_Problem to solve_
Repeat exactly the lines beginning at the one that contains "Gold Silver Metal" and running to the end of the material. Omit the pictures.

_Recorded information_
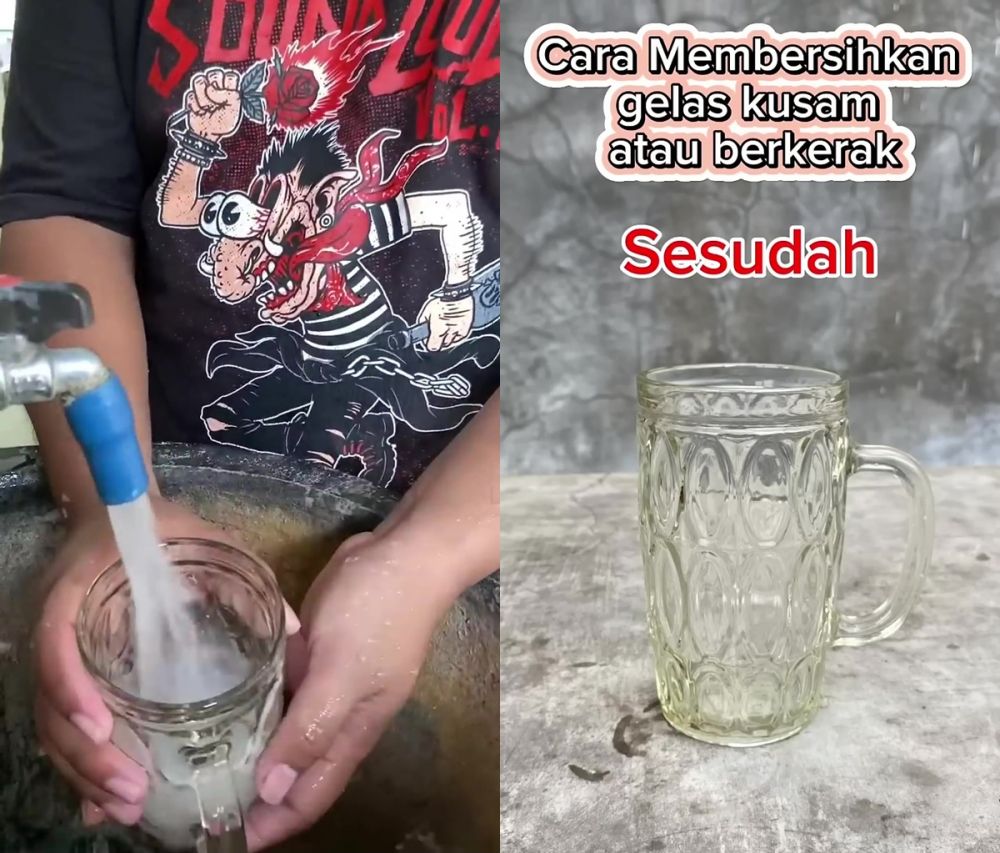 Gelas kaca buram bikin risih? Begini cara mencucinya agar kinclong pakai baking soda dan 1 bahan ini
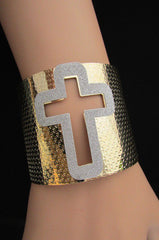 Gold Silver Metal Cuff Bracelet Cut Out Big Sparkling Big Cross Fashion New Women Jewelry Accessories - alwaystyle4you - 13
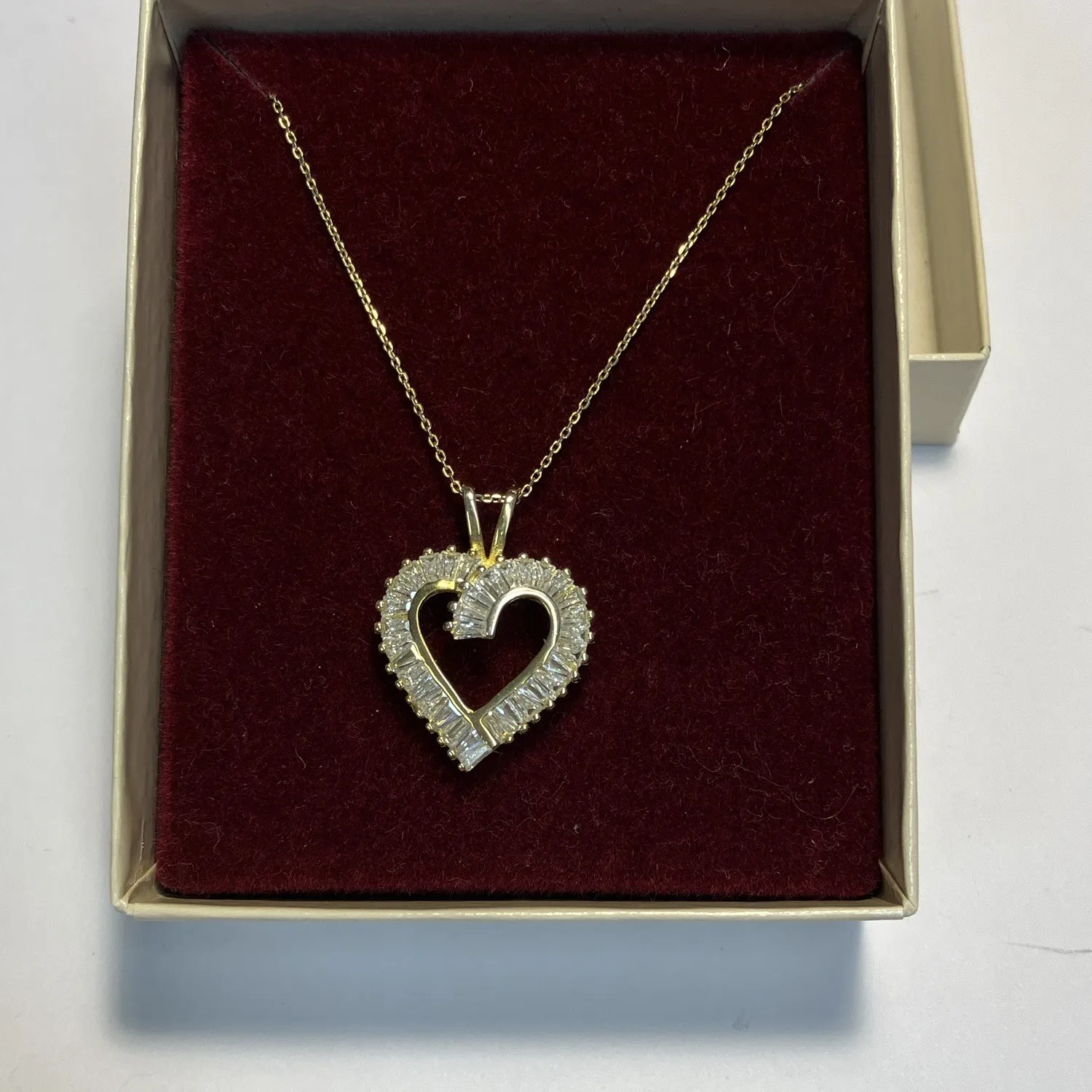 Authentic 925 Yellow Gold Plated CZ Heart Pendant Necklace White Baguette Cable Chain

_Task solution_
 Gold Silver Metal Cuff Bracelet Cut Out Big Sparkling Big Cross Fashion New Women Jewelry Accessories - alwaystyle4you - 13
 Authentic 925 Yellow Gold Plated CZ Heart Pendant Necklace White Baguette Cable Chain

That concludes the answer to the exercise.